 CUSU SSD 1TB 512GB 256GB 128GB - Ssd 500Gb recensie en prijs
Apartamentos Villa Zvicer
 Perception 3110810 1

==================================================

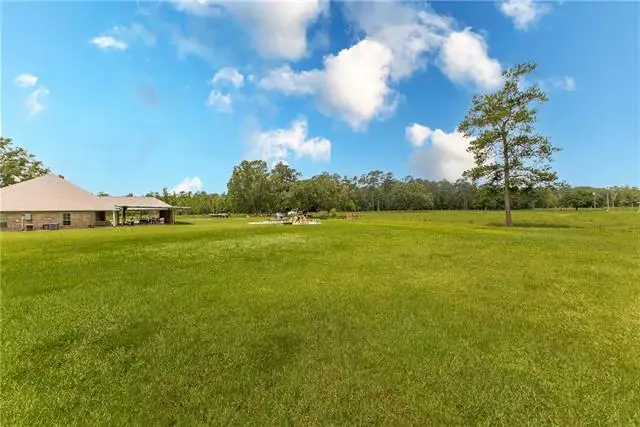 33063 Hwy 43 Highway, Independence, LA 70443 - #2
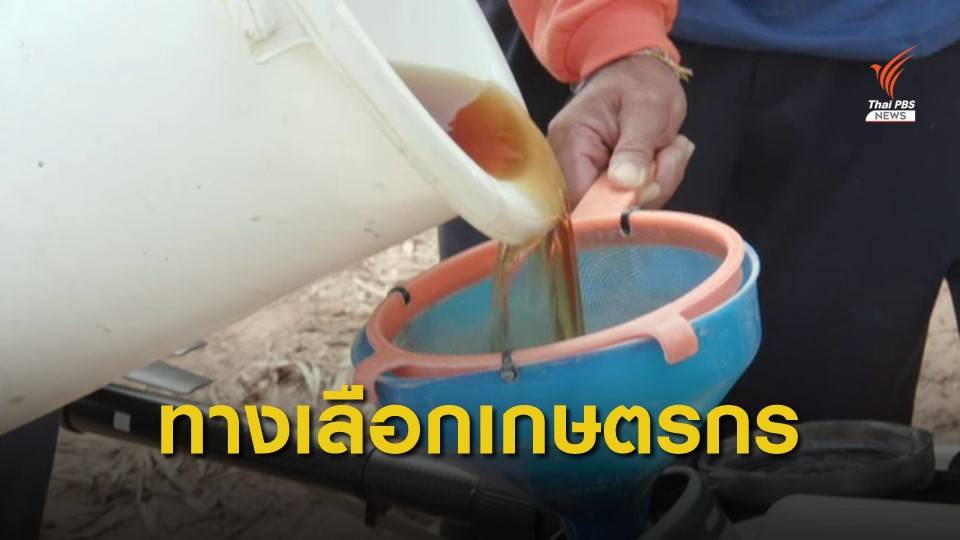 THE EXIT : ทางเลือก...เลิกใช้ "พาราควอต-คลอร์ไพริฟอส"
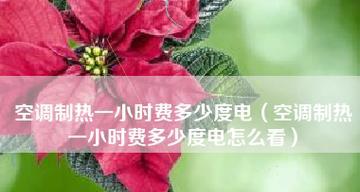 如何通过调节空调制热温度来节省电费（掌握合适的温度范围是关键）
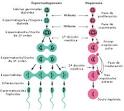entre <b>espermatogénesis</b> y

==================================================

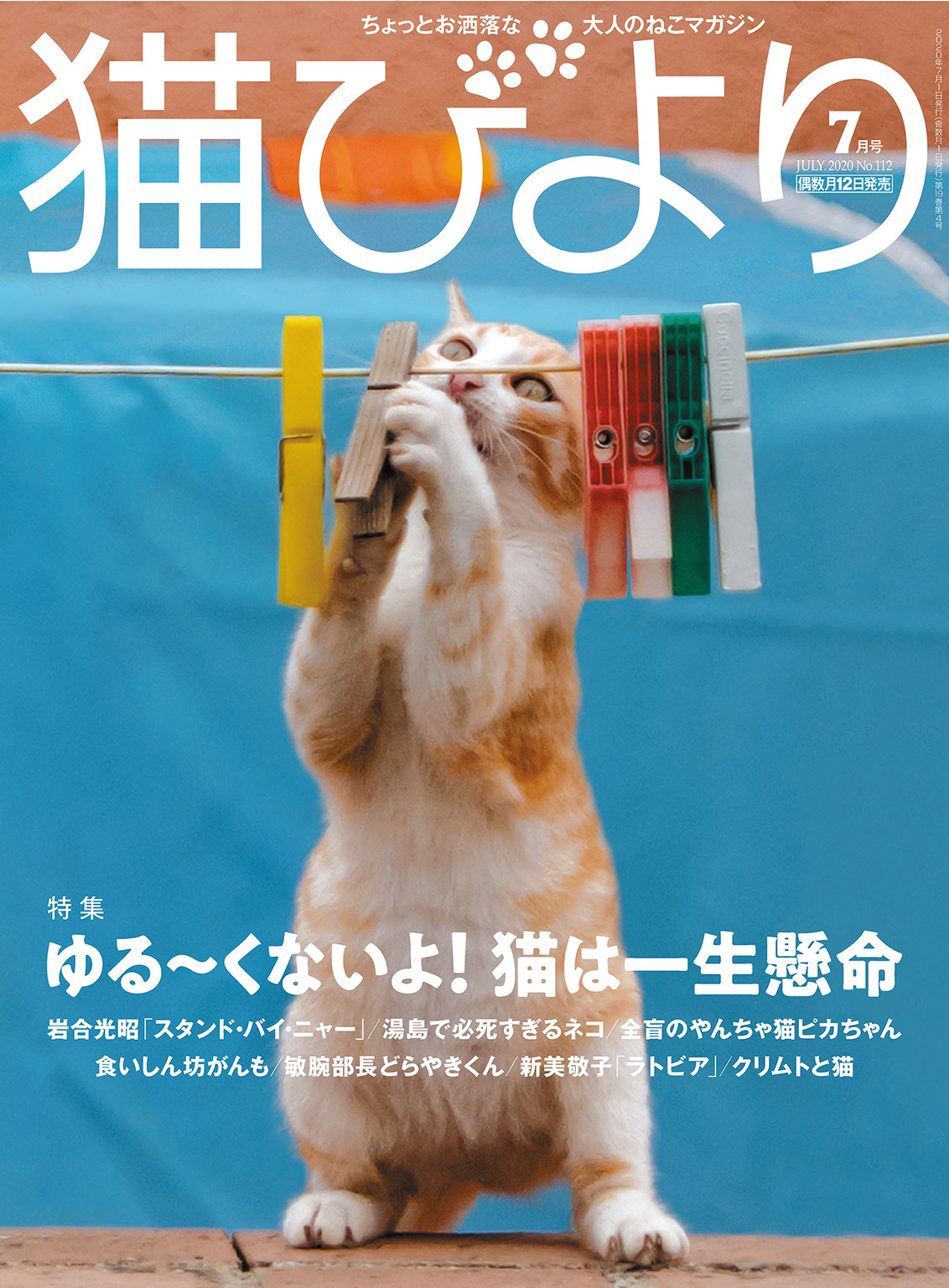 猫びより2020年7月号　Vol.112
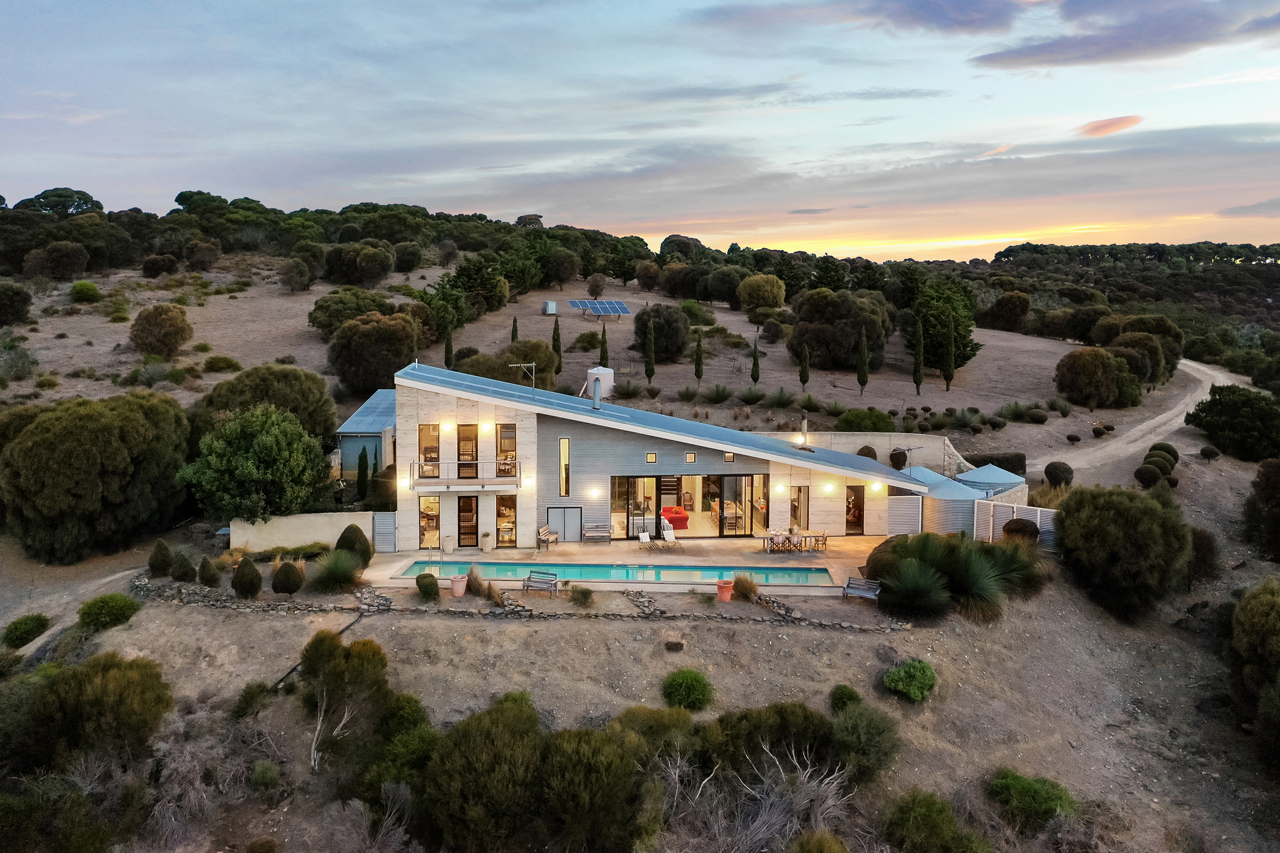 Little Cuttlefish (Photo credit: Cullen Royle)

==================================================

## What you are asked to do
Write out exactly the run of lines above that starts at the line containing "33063 Hwy 43" and ends at the line containing "entre <b>espermatogénesis</b> y". Include both, and leave the pictures out.

## Your response
 33063 Hwy 43 Highway, Independence, LA 70443 - #2
 THE EXIT : ทางเลือก...เลิกใช้ "พาราควอต-คลอร์ไพริฟอส"
 如何通过调节空调制热温度来节省电费（掌握合适的温度范围是关键）
entre <b>espermatogénesis</b> y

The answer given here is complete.